Clustering is the grouping of particular sets of data based on their characteristics, according to their similarities. K-means clustering is one of the most popular clustering algorithms in machine learning. In this post, I am going to write about a way I was able to perform clustering for text dataset.
First, we will need to make a gensim model to convert our text data to vector representation. For this step, I used a topic modeling toolkit named Gensim on the text-8 dataset. Firstly, you will need to download the dataset. Open the terminal and type:
wget http://mattmahoney.net/dc/text8.zip -O text8.gz
Extract the dataset using:
tar xvzf text8.gz
Now you will need to create the gensim model for the text-8 dataset. You will need to have gensim installed for this. If you don’t, just go to terminal and type:
pip3 install gensim
Now open make a python executable file. I will be using nano text editor and the filename is make_gensim_model.py.
nano make_gensim_model.py
Paste the following code into the editor and save it
import gensim file = gensim.models.word2vec.Text8Corpus('./text8') model = gensim.models.Word2Vec(file, size=100) model.save('./text-8_gensim')
Now, execute the code using the command:
python3 make_gensim_model.py
It’s going to create a file named text-8_gensim in your current directory.
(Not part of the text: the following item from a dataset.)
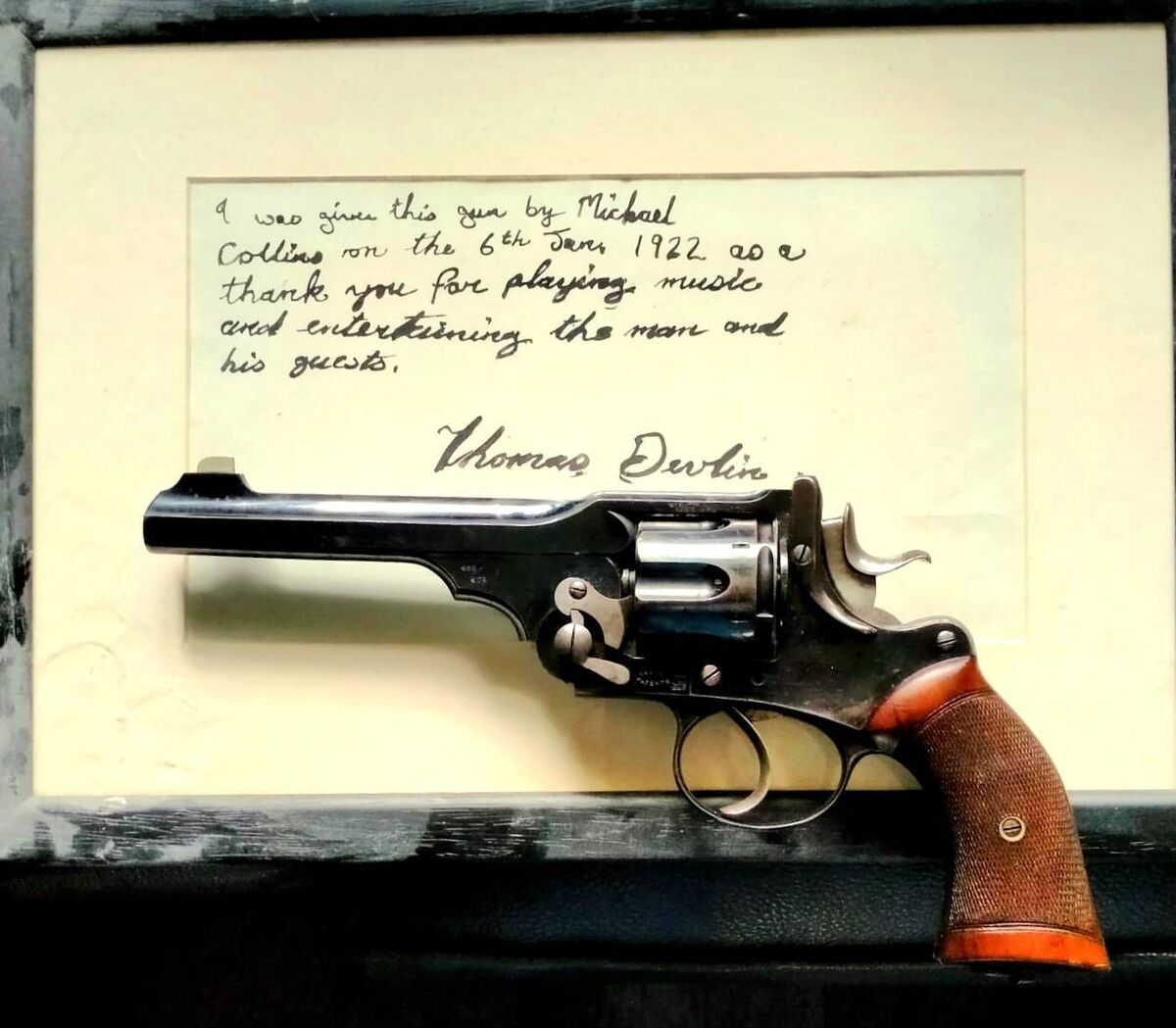 Imperial Hotel, Michael Collins commemorations. Pictured: Michael Collins's 45 Army Revolver with provenance from the 6th Jan 1922. Credit Pat O'Hagan Collection. 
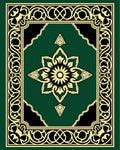 Emerald Green Floral Medallion Frame Rug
We will use this saved model later to convert textual data into vector representation.
Now for the dataset, we are going to use Youtube spam collection dataset provided by UCI Machine Learning Repository. The collection is composed by one CSV file per dataset, where each line has the following attributes:
- COMMENT_ID,AUTHOR,DATE,CONTENT,CLASS
For our purpose, we will only be needing the CONTENT and CLASS columns. We are going to perform K-means clustering on the CONTENT column with number of labels equal to 2 and later compare our cluster label with the CLASS attribute. The best way to do would be to perform silhouette analysis to select the optimal number of clusters but we will not go into that for now and since we want two clusters (spam and non-spam) for our dataset, we are going to select the number of clusters equal to 2 for our clustering algorithm.
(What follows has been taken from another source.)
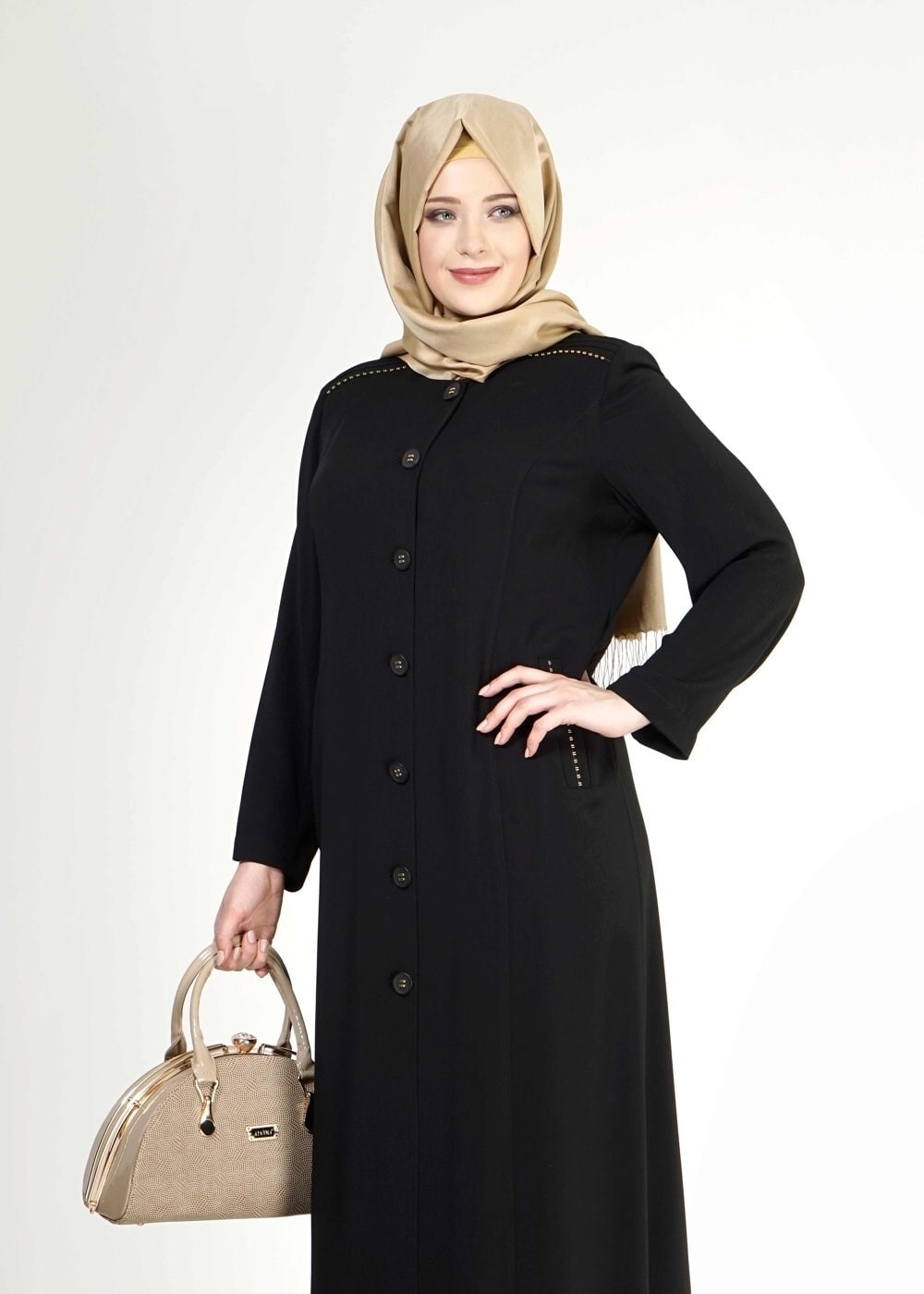 Tesettür giyim SİYAH 1532 Rado Tesettür Pardesü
Open the terminal and type:
wget https://archive.ics.uci.edu/ml/machine-learning-databases/00380/YouTube-Spam-Collection-v1.zip
To extract data, type:
unzip YouTube-Spam-Collection-v1.zip
There are five files in the compressed .zip file. You could use any for this purpose. However, I will be using
Youtube04-Eminem.csv
We will be needing following dependencies. I am going to assume you have them installed. If not, install them:
- numpy
- scikit-learn
- pandas
Now that we have everything we need, we are ready to perform the actual clustering. Create a new file named cluster_text.py and paste the code below.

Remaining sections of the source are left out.